De week erop vertelde hij het college in de rondvraag uitgebreid welke stappen hij had ondernomen om herhaling van ‘blunders’ te voorkomen en wat uiteindelijk het resultaat was. Het college was meer dan tevreden en eigenlijk ook wel trots op de doortastende secretaris. De beleidsmedewerkers waren duidelijk minder ingenomen de nieuwe werkwijze. Niet alleen omdat ze het hele ‘gedoe’ zoals ze de gang van zaken noemden (“waar gaat het over”; “hebben ze niets beters te doen?”) zeer overdreven vonden en uitermate betuttelend, maar ook omdat de omloopsnelheid van de stukken met 2 weken werd vertraagd, waardoor hele planningen moesten worden herzien.

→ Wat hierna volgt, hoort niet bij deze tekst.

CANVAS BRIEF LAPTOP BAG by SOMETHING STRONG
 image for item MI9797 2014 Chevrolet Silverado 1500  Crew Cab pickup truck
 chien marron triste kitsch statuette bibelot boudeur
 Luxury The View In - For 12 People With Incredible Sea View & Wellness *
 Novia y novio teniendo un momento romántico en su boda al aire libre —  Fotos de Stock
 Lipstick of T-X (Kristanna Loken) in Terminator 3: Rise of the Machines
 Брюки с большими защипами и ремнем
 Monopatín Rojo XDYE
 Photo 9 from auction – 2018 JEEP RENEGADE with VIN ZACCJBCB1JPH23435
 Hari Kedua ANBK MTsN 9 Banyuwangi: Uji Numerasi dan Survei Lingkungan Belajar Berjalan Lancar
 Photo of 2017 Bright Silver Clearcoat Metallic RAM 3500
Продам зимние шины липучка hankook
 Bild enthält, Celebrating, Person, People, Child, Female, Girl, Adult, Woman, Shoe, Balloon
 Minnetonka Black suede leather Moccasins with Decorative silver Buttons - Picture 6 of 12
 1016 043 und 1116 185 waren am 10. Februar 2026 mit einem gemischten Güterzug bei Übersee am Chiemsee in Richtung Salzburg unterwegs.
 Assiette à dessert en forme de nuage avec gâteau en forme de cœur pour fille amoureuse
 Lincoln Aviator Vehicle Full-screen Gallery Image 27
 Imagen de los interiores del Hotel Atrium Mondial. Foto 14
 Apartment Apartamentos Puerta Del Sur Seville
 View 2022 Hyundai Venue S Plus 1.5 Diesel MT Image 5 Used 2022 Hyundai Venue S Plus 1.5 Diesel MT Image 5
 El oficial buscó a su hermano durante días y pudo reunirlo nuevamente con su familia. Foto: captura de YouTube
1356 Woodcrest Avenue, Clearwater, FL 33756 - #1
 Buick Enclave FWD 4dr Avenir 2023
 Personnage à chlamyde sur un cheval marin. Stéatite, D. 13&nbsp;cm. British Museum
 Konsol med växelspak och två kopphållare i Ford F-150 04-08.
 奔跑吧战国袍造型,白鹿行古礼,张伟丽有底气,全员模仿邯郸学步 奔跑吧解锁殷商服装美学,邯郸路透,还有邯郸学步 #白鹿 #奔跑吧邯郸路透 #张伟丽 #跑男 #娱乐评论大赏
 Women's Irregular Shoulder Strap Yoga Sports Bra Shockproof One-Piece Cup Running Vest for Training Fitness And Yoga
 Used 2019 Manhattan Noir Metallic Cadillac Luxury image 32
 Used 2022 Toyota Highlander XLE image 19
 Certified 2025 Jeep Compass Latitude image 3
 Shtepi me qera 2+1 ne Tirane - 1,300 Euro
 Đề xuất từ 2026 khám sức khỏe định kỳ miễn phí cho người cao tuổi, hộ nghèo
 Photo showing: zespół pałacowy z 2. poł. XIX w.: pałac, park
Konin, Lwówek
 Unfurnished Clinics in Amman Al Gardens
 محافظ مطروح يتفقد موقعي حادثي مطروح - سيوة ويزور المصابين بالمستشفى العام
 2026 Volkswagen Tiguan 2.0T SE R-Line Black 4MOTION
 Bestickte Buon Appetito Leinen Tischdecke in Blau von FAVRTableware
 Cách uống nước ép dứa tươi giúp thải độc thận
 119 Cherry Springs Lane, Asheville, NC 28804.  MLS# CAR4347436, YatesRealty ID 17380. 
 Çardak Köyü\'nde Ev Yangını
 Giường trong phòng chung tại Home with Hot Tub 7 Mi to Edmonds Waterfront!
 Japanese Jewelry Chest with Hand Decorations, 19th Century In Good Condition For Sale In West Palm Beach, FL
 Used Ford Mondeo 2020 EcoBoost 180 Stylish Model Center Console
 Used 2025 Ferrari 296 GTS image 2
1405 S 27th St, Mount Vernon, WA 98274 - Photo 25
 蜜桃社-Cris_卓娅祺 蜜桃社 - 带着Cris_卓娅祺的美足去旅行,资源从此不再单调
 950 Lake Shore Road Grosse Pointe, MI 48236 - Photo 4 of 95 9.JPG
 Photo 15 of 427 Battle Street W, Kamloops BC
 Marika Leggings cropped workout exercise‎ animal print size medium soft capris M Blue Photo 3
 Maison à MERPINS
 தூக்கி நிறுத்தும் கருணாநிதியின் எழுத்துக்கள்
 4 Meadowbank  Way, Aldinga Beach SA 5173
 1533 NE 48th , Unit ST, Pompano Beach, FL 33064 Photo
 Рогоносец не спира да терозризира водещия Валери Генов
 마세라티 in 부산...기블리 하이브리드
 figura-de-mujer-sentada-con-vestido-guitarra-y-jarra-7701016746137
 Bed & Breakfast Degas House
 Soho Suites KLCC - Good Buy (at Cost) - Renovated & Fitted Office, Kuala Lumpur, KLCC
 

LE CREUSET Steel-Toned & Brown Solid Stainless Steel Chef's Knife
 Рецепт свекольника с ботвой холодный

Na een korte gewenningsperiode verliep aanvankelijk alles op rolletjes. De ingestelde screeningscommissie kreeg echter steeds vaker stukken waar men commentaar op had. In een oukaze van de secretaris naar de adviseurs, de afdelingsmanagers en de leden van de screeningscommissie werd nogmaals gewezen op het belang en de gezamenlijke verantwoordelijkheid voor de kwaliteit van de aangeleverde voorstellen. Kennelijk kwam de boodschap niet goed over, want vrijwel zeven maanden later lag in het college een voorstel om het openbaar onderwijs te verzelfstandigen. In het financiƫle eindplaatje was helaas een grote fout gemaakt wat een uiteindelijk deficit betekende van 1,2 mln. Natuurlijk wees iedereen naar elkaar, had elkeen vertrouwd op de controles die na of voor hen al gepleegd waren en was dus niemand echt scherp geweest.
Moraal van dit waargebeurde verhaal is dat het streven naar beheersing en controle niet automatisch en per definitie leidt tot minder fouten, wel tot verlies aan motivatie en betrokkenheid bij de medewerkers. Instellen van allerlei controlemechanismen is dan ook meer een uiting van onzekerheid en angst bij leidinggevenden dan een hulpmiddel bij het voorkomen van fouten. Daarom de omgekeerde reclameboodschap van een bekend bedrijfsrecherchebureau: Hoffmann is goed, vertrouwen is beter.
PS. De secretaris heeft de leden van de screeningscommissie vervangen en het afdelingshoofd een berisping gegeven wegens plichtsverzuim, waartegen overigens met succes bezwaar is gemaakt. Een jaar na dato stapte de beste man op.